For lawyers, the indirect effect is real: changes in the profile of judges at the regional appeal and Court of Cassation level can either soften or sharpen prevailing case-law trends.
Accommodation Tax Cut from 2% to 1% — Until 31 December 2026
The accommodation tax rate under the Expenditure Taxes Law (Law No. 6802) has been reset. A Presidential Decree published in the Official Gazette reduces the tax from 2 percent to 1 percent, with the new rate to apply until 31 December 2026.
The change is particularly relevant to operators of hotels, motels, holiday villages, pensions, apart hotels, guest houses and campsites. In tourism-heavy provinces such as Antalya, accommodation businesses will see a tangible cost benefit during the entire 2026 season.
The temporary nature of the reduction means the rate will need to be reassessed from 1 January 2027. Accommodation businesses should structure their pricing strategies — and especially early-booking campaigns — with this timeline in mind.
State Contribution to Unemployment Insurance Fund Cut from 1% to 0.5%
A Presidential Decree published in the Official Gazette reduced the State contribution to the Unemployment Insurance Fund from 1 percent to 0.5 percent, effective 1 May 2026. The change directly affects the State-share component under the Unemployment Insurance Law (Law No. 4447).
The cut significantly lowers one of the main inflows feeding the Fund. The Fund's financial position — which underwrites short-time working allowance, unemployment benefit and job-loss compensation, especially during economic downturns — will face pressure over the medium term.
For employment lawyers and HR professionals, this change keeps the Fund's payment capacity in the spotlight, particularly in the context of mass dismissals and short-time working applications.
Authorisation Certificate Rules for Motor-Vehicle and Real-Estate Trading
The Ministry of Trade's new rules on motor-vehicle and real-estate trading entered into force upon publication in the Official Gazette. Authorisation-certificate procedures in vehicle and real-estate trading have been revised. The educational requirement for motor-vehicle trading has been reduced from a high-school diploma to a primary-school diploma.

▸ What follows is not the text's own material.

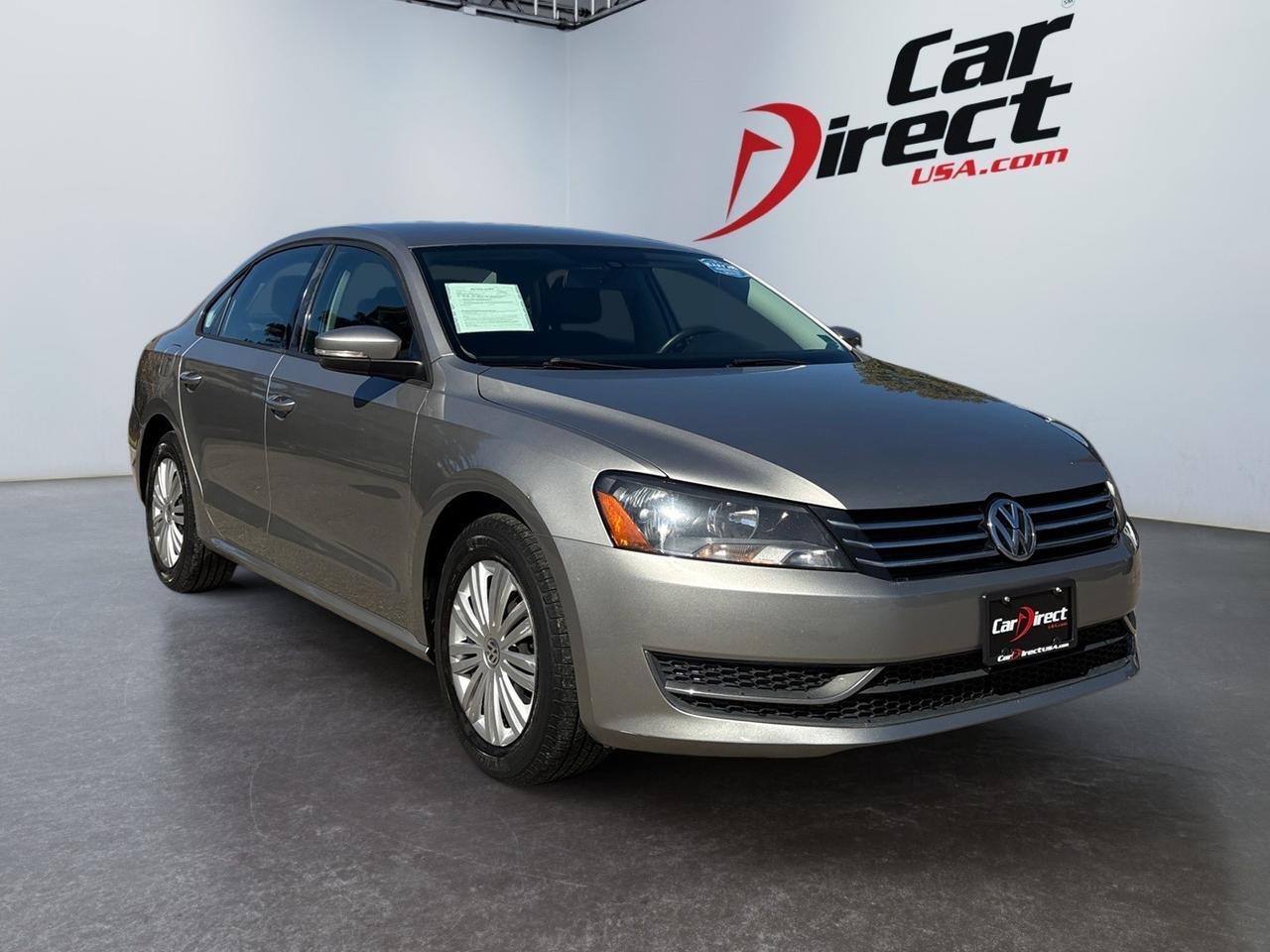 2014 Volkswagen Passat S, BLUETOOTH, REMOTE KEYLESS ENTRY, BRAKE ASSIST, POWER MIRRORS WITH TURN SIGNAL INDICATORS, LOW MILEAGE, COME TEST DRIVE THIS CAR TODAY!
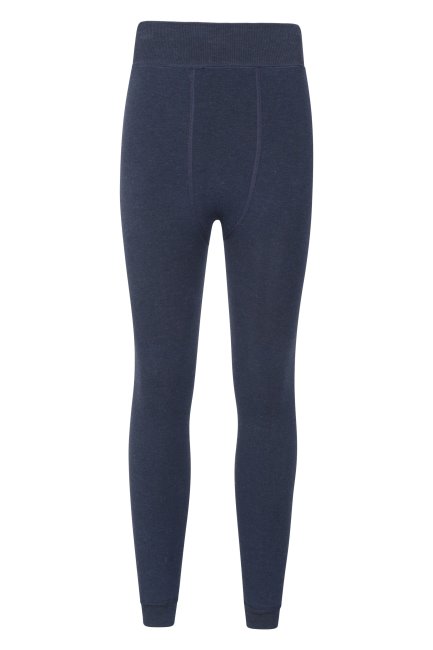 Dames Pluizige Fleece Gevoerde Legging Mountain Warehouse Marine Merk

Information changes on the authorisation certificate will require an amendment, while changes of trade name or business name will trigger renewal. The framework is implemented under the Law on the Regulation of Retail Trade (Law No. 6585) and the relevant secondary legislation.
Lowering the educational threshold may increase the number of operators in the second-hand vehicle and real-estate sectors. Consumer-law mechanisms protecting buyers will therefore need to be enforced more strictly in practice. An uptick in demand for legal advice in sectoral disputes can be expected.
Court Rulings
Council of State VDDK: Litigation Costs in Annulment/Refund Suits When Interest Claim Is Rejected
The Tax Litigation Chambers Board of the Council of State (VDDK) ruled that, in annulment and tax-refund suits, where a portion of the interest claim is rejected, the court must partially dismiss the action for that portion and allocate the proportional litigation costs to the claimant.
The ruling clarifies the litigation-costs regime applied through Article 31 of the Administrative Procedure Code (Law No. 2577) — which refers back to Article 326 of the Code of Civil Procedure (HMK). In tax cases, while the principal sum is often accepted, there had long been a debate over whether the case was deemed wholly successful when only the interest claim failed.
Under the new approach, taxpayers and their lawyers must be more careful about the start date and rate of interest calculations. Particularly in refund claims, an inaccurately stated interest component can convert into a litigation-cost burden by the end of the case.
Court of Cassation 9th Civil Chamber: Bank Manager's Overtime Claim Rejected
The 9th Civil Chamber of the Court of Cassation (E. 2025/7997, K. 2025/8076, 20 October 2025) ruled that an overtime claim by a bank manager who had no superior issuing instructions in the workplace must be rejected, and that legal fees must be awarded to the opposing party in such cases.
The decision once again draws the line on the application of the overtime regime under Article 41 of the Labour Law (Law No. 4857) to senior-executive employees. Where there is no superior to issue instructions, the manager effectively sets their own working hours, undermining the theoretical basis of overtime.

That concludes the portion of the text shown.